Must disagree with your terminology though Chuck, “ my wife claimed it” , No, NO , NO , It was “ A loving gift you deserve for all the kindnesses you have shown over our lives together” . You never know when you’ll need the brownie points for some major tool investment, earn em when you can  !!!!


----------



## TellicoTurning (Nov 15, 2020)

howsitwork said:


> Bill and Chuck
> 
> thansk for the clear explanations and inspiration.
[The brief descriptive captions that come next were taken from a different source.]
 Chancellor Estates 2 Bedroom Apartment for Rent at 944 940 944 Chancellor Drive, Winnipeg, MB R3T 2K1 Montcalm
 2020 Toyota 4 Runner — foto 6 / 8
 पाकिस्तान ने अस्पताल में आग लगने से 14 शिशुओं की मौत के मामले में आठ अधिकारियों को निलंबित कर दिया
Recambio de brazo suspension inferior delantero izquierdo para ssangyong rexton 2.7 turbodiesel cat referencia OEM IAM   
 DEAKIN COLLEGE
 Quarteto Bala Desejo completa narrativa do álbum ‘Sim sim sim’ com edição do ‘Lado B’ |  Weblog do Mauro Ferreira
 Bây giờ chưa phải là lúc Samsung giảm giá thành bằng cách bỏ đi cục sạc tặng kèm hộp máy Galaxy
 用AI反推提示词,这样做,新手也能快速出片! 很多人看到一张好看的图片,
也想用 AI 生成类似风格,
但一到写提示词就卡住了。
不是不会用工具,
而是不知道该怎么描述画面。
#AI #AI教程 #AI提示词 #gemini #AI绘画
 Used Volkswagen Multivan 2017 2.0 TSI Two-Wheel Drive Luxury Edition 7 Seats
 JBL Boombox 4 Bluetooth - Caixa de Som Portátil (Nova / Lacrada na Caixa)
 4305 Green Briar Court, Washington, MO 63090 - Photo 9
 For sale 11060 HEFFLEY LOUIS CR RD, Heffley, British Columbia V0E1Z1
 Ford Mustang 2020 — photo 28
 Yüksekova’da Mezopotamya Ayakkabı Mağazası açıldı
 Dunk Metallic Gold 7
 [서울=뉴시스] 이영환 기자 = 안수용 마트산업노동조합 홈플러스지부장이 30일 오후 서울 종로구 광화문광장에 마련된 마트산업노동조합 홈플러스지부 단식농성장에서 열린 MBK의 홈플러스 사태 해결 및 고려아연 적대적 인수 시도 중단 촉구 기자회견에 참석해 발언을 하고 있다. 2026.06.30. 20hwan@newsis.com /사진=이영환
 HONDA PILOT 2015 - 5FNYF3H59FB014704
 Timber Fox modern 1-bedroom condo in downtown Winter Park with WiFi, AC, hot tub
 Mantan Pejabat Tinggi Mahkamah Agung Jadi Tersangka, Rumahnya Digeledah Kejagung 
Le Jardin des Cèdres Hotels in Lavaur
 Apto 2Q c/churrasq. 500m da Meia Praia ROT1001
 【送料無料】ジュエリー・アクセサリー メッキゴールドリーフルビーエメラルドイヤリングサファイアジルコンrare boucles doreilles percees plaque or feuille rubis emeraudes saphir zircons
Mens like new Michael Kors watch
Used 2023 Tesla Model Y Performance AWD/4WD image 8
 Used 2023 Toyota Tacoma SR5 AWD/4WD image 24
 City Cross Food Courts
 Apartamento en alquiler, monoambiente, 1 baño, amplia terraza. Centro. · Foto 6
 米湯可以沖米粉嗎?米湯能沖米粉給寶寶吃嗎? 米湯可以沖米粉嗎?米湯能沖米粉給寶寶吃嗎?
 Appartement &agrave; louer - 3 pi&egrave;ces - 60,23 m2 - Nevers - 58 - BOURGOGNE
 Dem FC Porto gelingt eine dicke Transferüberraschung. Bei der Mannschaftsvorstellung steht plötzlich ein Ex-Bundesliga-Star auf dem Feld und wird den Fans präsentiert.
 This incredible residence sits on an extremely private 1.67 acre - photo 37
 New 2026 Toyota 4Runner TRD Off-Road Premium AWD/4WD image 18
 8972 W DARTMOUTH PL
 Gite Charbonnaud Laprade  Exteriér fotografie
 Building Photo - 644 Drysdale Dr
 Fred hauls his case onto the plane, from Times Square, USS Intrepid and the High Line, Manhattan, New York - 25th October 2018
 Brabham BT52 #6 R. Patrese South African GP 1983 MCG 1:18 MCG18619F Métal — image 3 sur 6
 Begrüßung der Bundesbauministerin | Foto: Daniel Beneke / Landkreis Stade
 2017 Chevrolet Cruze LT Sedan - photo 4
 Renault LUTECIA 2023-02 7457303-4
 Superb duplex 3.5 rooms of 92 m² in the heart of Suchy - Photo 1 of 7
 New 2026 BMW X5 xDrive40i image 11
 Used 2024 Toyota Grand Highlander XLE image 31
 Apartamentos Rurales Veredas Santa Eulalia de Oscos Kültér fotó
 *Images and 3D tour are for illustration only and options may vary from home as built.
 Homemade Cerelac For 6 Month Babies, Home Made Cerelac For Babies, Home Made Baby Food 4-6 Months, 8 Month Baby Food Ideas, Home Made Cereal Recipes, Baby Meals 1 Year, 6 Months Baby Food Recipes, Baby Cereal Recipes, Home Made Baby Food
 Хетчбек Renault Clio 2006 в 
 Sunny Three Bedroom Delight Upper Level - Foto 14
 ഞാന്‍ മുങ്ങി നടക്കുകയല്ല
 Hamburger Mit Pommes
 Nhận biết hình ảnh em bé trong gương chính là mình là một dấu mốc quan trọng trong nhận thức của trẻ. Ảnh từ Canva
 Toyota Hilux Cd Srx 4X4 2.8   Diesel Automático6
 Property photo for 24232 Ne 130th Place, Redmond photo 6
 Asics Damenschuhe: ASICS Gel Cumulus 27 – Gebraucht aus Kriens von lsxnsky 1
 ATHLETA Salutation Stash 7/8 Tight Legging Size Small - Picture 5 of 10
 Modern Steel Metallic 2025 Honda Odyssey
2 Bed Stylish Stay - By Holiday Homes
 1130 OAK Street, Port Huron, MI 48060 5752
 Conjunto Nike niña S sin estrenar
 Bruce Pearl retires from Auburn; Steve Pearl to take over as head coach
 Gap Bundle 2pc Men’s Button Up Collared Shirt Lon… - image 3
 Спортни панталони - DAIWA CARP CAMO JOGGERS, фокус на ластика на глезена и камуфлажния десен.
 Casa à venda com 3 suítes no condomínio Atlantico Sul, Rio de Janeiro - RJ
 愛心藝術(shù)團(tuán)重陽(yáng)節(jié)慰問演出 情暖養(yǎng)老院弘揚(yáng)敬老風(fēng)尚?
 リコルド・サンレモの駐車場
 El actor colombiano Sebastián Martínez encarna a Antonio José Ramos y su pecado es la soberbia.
Chuck one suggestion ( a clean one for your health) is to use a SOLID top ring cut from a plank or, if you must , then joint up boards to make that plank and take REAL CARE to get the joints of that jointed up plank close and accurate !
> 
> ...


I'll have to keep in bind about the solid top ring... I didn't have a board wide enough for the top but do have a jointer that I could do a glue up.... and I was holding the ring in a contraction mode but evidently my pins were a little short and I let my sanding board slip off the edge and (how do you get a catch sanding (  ) evidently the edge of the sanding board caught in such a way as to throw it out of the jaws.... then when turning I think I got too thin at the joint of the next ring... that caused it to let go.

And you are right..... my wife didn't claim int,  I lovingly awarded it to her for her patience and understanding my additction to wood turning.


----------



## Gary Beasley (Nov 15, 2020)

TellicoTurning said:


> I use a modified sled that I saw done on YouTube... by a guy named Franklin (I think - should look him up and give you the link).. it's actually the wedgie triangles mounted with the wide end toards the saw blade and the wood just swapped sides ever other cut... I'm about 98-99% accurate, but need to see about doing the half rings and see if that works better.... I use the hose clamps, but not successfully yet.


Earl Rasmussen designed a noose type clamp that works pretty good. Also the two arm wedgie sled can get a really good fit if used right as the pieces are cut in complementary pairs that cancels the tiny errors in angle setting assuming you have a good accurate wedge.


----------